Restaurants Getting Personal With Mobile Payments & More Connections

January 10, 2019         By: Steven Anderson

There’s a trend in the market today known as “analytics.” For those not familiar, it basically means “businesses examine all the customer data they have to better determine what it is customers want, and give it to them.” That sounds great and all, but it means that businesses have to have that data in the first place. For restaurants, mobile payments and other systems are calling on analytics to help improve the dining experience, and that’s leaving some restaurant-goers cold.

One new release is Taste, a “dining recommendation platform” that helps people determine where a “good” place to eat actually is based on a user’s own history. The app is working right now to build a presence in Albany, New York, but plans to go much wider in the next three to six months. Essentially, customers tell Taste where they’ve eaten already, and where they’ve enjoyed eating, and the Taste platform works some of that analytics magic to tell people where else they might like a table.

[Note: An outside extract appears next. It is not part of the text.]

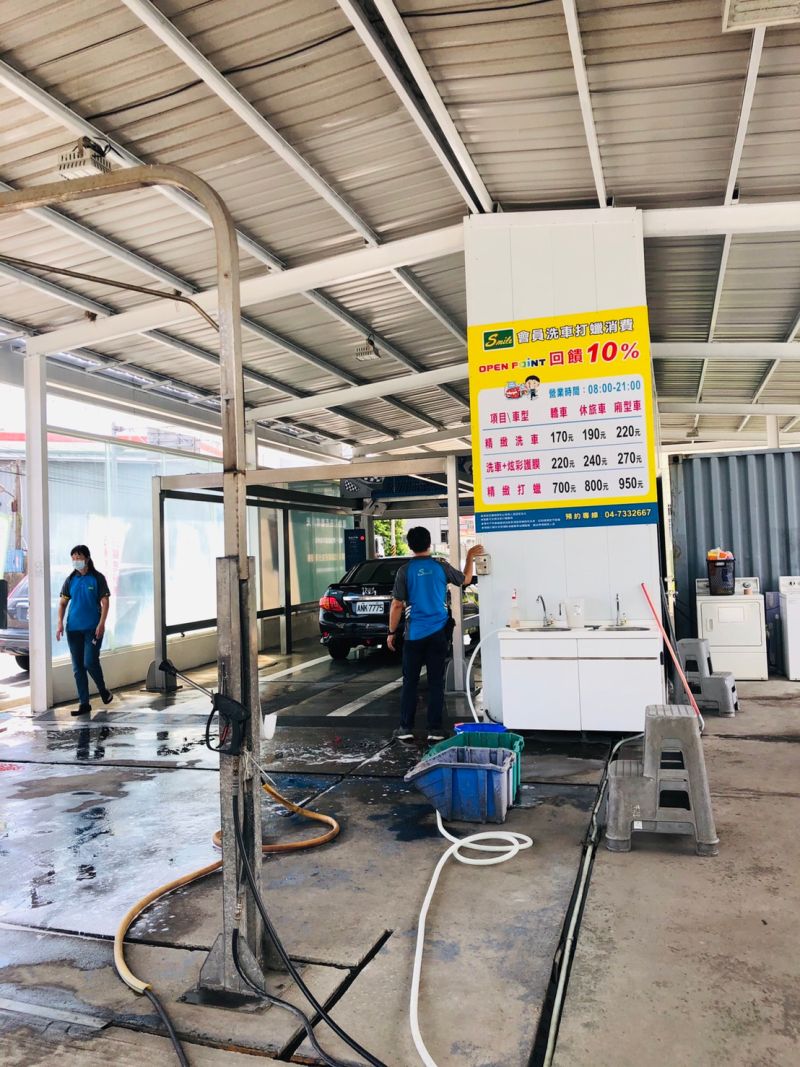 ▲財政部公布幸運兒只花了190元洗車就中大獎,消息傳出讓不少常客羨慕又扼腕。(圖/縣議員賴清美提供)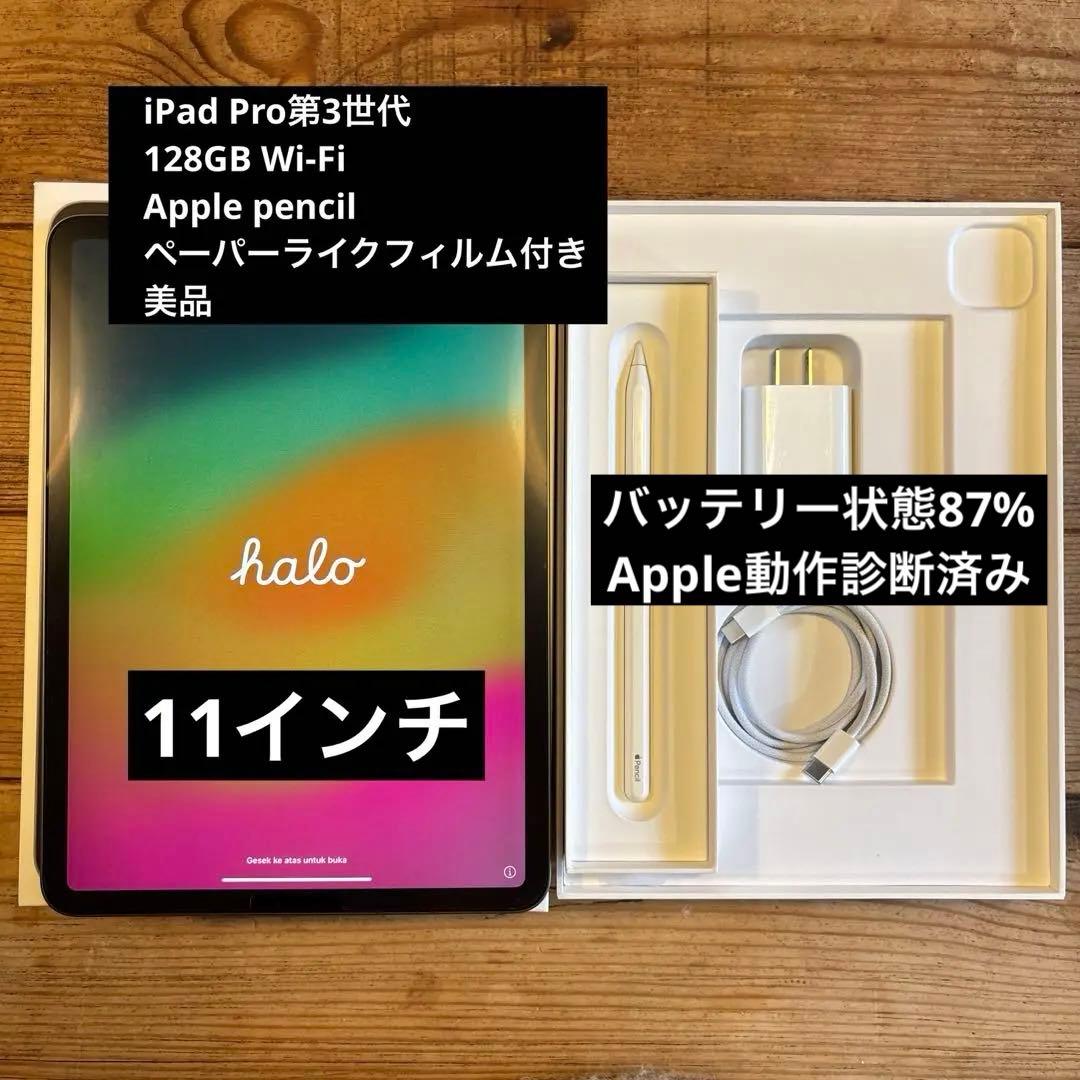 Apple診断済み【iPad Pro】第３世代128GB ApplePencil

The app comes with two different versions: a free and paid premium version. The biggest difference between the two is that the premium version will automatically update by examining users’ credit card statements and similar matter to spot dining-related transactions and file same accordingly.

It’s also set to help bring together dining platforms; not everyone has their reservations systems available on every platform, so someone may be, for example, trying to set up a reservation on OpenTable when the restaurant only accepts Wisely reservations.

Some here are likely freaked out at the notion that an app is searching credit card data looking for any reference to a restaurant—how long before it threatens to email your wife with all those “lunch dates” you made?—but that’s the nature of analytics. Analytics requires data to work, and it needs to get that data from somewhere. Sure, we understand, on a visceral level—the app needs to know where you’ve eaten already to make suggestions about future places to eat—yet we’re all likely still concerned.

Any kind of app like Taste needs to make it clear how it’s protecting all the data it’s collecting, even as it collects said data. Doing anything less will run off more potential users than it could have picked up.